Open zach-klippenstein opened 11 years ago
Figured out why my captive portal detection app wasn't working at Starbucks hotspots. I'm using Apple's page to check for proxies, which consists of a single line of simple HTML. Before signing in, all my browsers and a REST tool I grabbed off the Play store returned the Starbucks terms of service acceptance page. My detector, however, returned the page as expected when not behind a portal, with one difference: it included a W3C prefix. Upon further inspection, the response headers also showed it was coming from a Microsoft IIS server - probably not what Apple is using to serve their pages. Those headers were also missing from a known correct response. I had thought at first my HTTP client might be locally caching the "success" response, but that obviously wasn't the problem.
Then I noticed I had, for some reason early on (about a year ago), decided to use the following user agent string in my request: CaptiveNetworkSupport/v1.0 wispr
. I think the site I read explaining how iOS devices detected portals mentioned that they used this user agent string, and I thought it would be a good idea to do the same - couldn't hurt.
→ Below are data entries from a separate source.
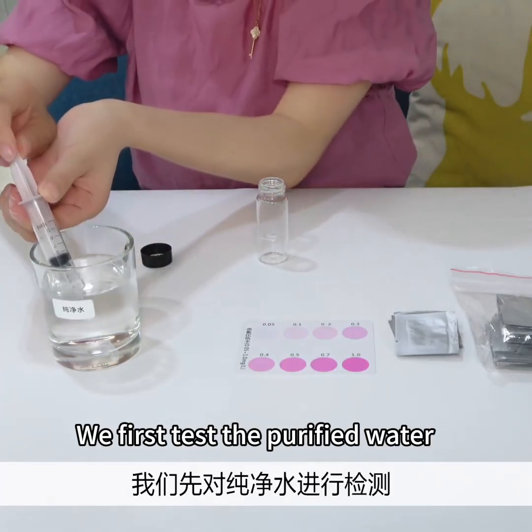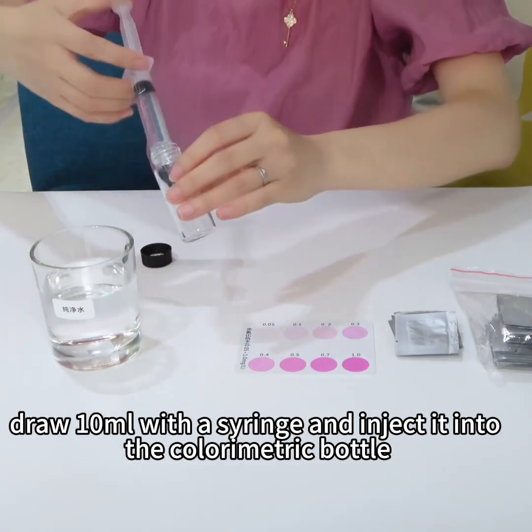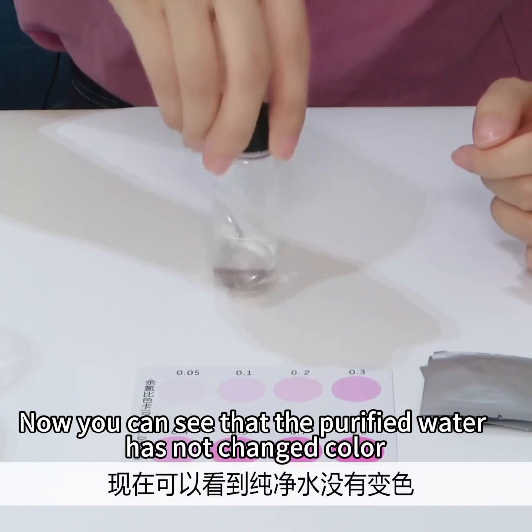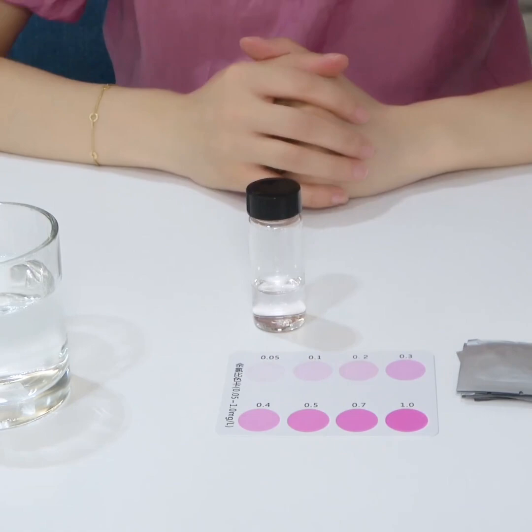We first test the purified water. Draw 10 milliliters with a syringe and inject it into the colorimetric bottle, add one pack of residual chlorine reagent, dissolve and shake well. The purified water has not changed color, indicating that the water does not contain residual chlorine.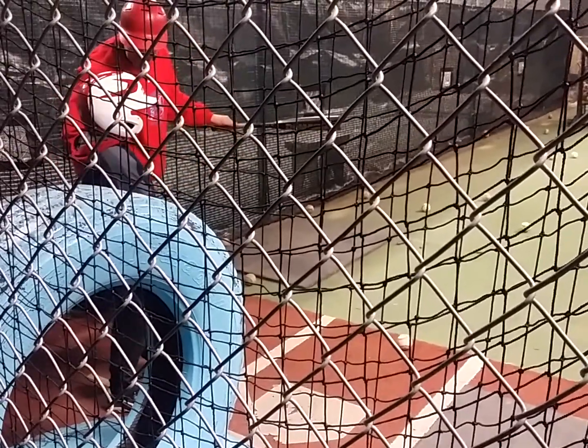Get down and get like this so you can see. Get your eyes down level to the barrel of the bat so you can see the ball.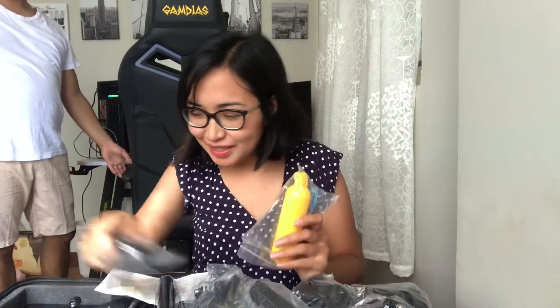Oh my God! Honestly, hindi ko talaga alam kung ano yung mga specific names nito. Basta, i-describe ko na lang kung sa tingin ko ano ang pwedeng paggamitan ng mga accessories na ito. Just bear with me, guys.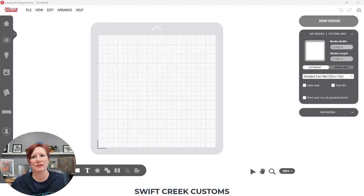Hi everyone, this is Ellie Mae with Swift Creek Customs and today I am back in Leonardo Design Studio. I want to share how you can turn a regular cut file into a print and cut file.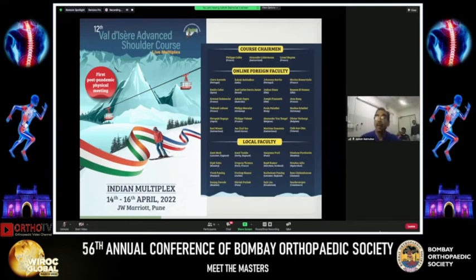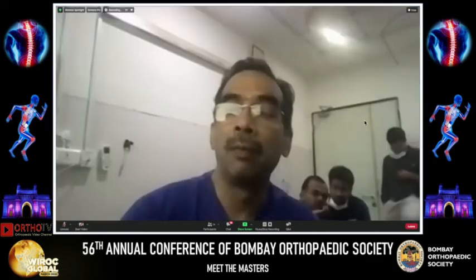I invite you all to be aware of the 12th Valdezer Advanced Shoulder Course. This is the first time the Valdezer course is being held in India — you can sit in Pune and watch it. It's a hybrid format: Indian component from 8:30 am to 12, then from 12 to 4 you get access to the original Valdezer course straight from France, whose registration alone is about 1,100 euros. We have top Indian faculty and 18 top international surgeons — the who's who of shoulder surgery. We hope to see you from the 14th to 16th of April this year. Thank you very much — it's been a pleasure talking to the Wire of Global Conference.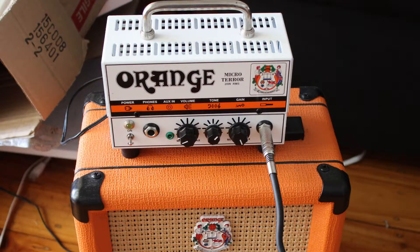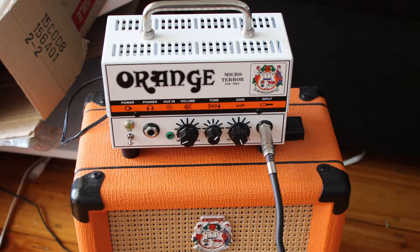Now they say that good things come in small packages and today's review subject is no different. Today I'll be reviewing the Orange Micro Terra. I managed to pick this up from Muso's Corner a while back, so I've put it through its paces. I've damn near broken the thing and I can definitely say it's one of the best little amps I've had.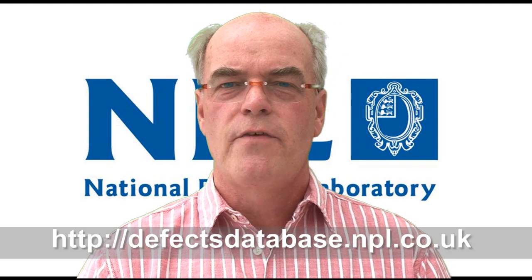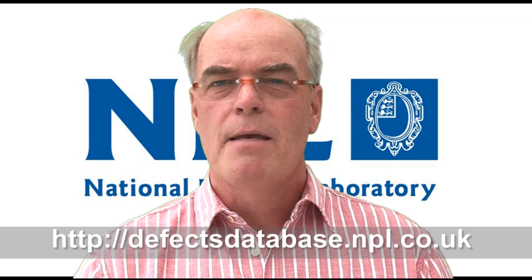Hello and welcome to Defect of the Month. My name is Bob Willis and what I wanted to talk about briefly, or perhaps demonstrate, is a method of doing solderability testing on components. It's what we call a process simulation test, and it's also covered generally in the IPC standards.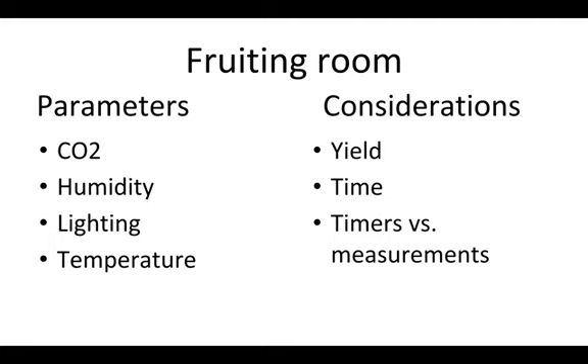What are the important parameters when thinking about creating a fruiting chamber? There are four of the most important things: CO2, humidity, lighting, and temperature. In later videos we'll go through each one of those and how to control them and the different equipment.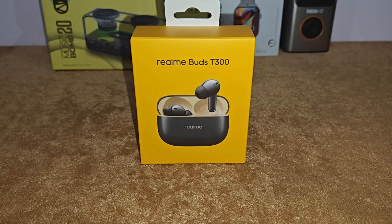Hi guys, I'm back again with another video. Today we're going to do the review of Realme Buds T300. I got this product from Amazon on the Great Indian Amazon Sale for only 1900 rupees. In this video, let's see whether these earbuds are worth it or not.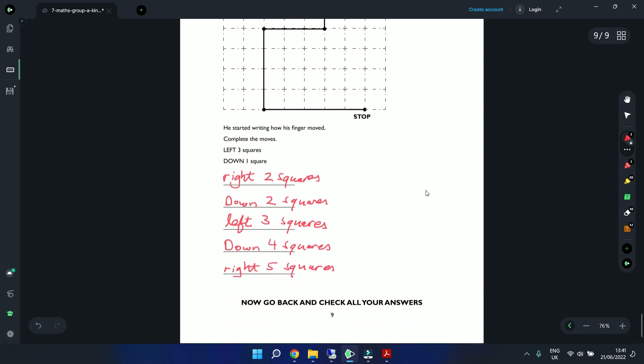Now go back and check all your answers. Well done — we've gone through this paper. If you have any issues with questions or comments, please leave them below. I'll see you next time, hopefully with another paper. Thank you for spending the time watching this.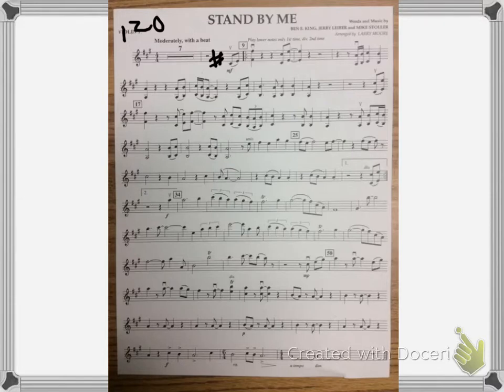I'm going to play the ending of the first ending and go back to measure 9, and this time we'll play the top note of the divisi. So this is the first ending — 1, 2, 3.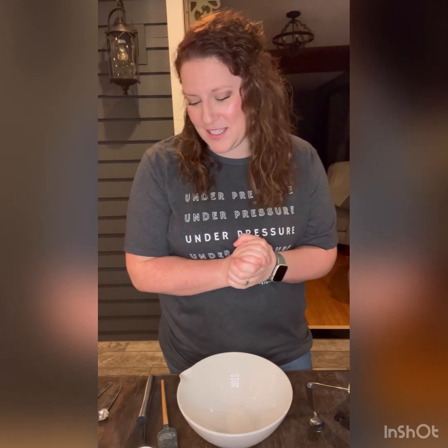Hi everyone, welcome back. Today we are making a mustard horseradish dip. We are going to make sausage puff pastry appetizers and we will dip them in this sauce, but you can use the sauce on anything you like. You can put it on a sandwich, you can dip things into it. It's absolutely delicious — it has a nice tang to it.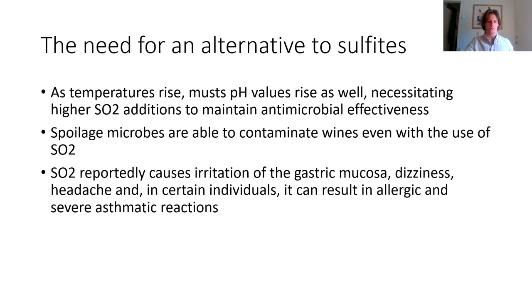The question is: why do we need an alternative to sulfites? There are a number of reasons, one major one being climate change. As temperatures rise in many wine-growing regions, it yields wines with higher pH levels, necessitating either adding tartaric acid to lower acidity or increasing SO2 levels to maintain its microbial effectiveness. As pH levels rise in the must, the molecular SO2 concentration decreases in effectiveness. Notably, some Brettanomyces strains were shown to tolerate concentrations over 0.6 milligrams per liter of molecular SO2.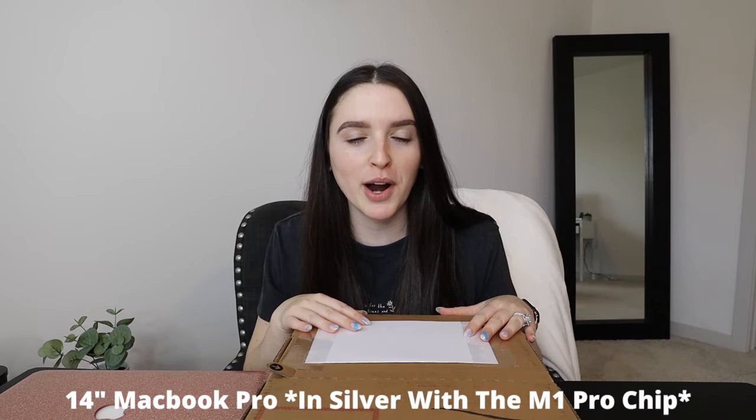Hello you guys and welcome to today's video. This box just got here and I literally sat right down — I was like, I have to film this now. So I'm extremely excited to unbox my new MacBook Pro.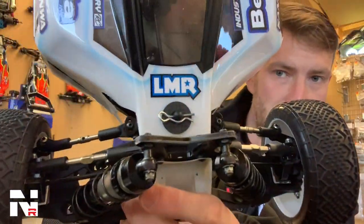Also to secure the body we use these beta carbon fiber washers. Just stops the body from ever coming over the clips, and they look awesome.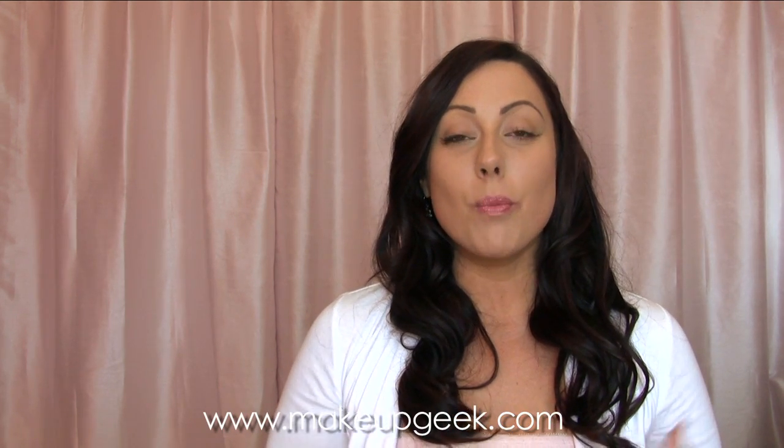That is my steps to avoiding the cakey face look. Hope it was helpful for you guys. Click on the link below to MakeupGeek.com, and I'll give you some more tips on how to prevent the cakey face and look more natural and have that healthy, beautiful glow.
Well, I was wrong. Turns out, the price Starbucks is using returns a fake success page to any clients using that user agent string. This only started about a month ago, when my detection app started malfunctioning, and I also noticed my Macbook was no longer popping up the acceptance page either.
I removed the user agent string, and the expected page was returned. Does anyone know why Starbucks is trying to actively fake out iOS devices?
Portal detector starts, log shows which portal detector implementation is being used, then fails to detect the portal.
Confirmed at Canadian Starbucks.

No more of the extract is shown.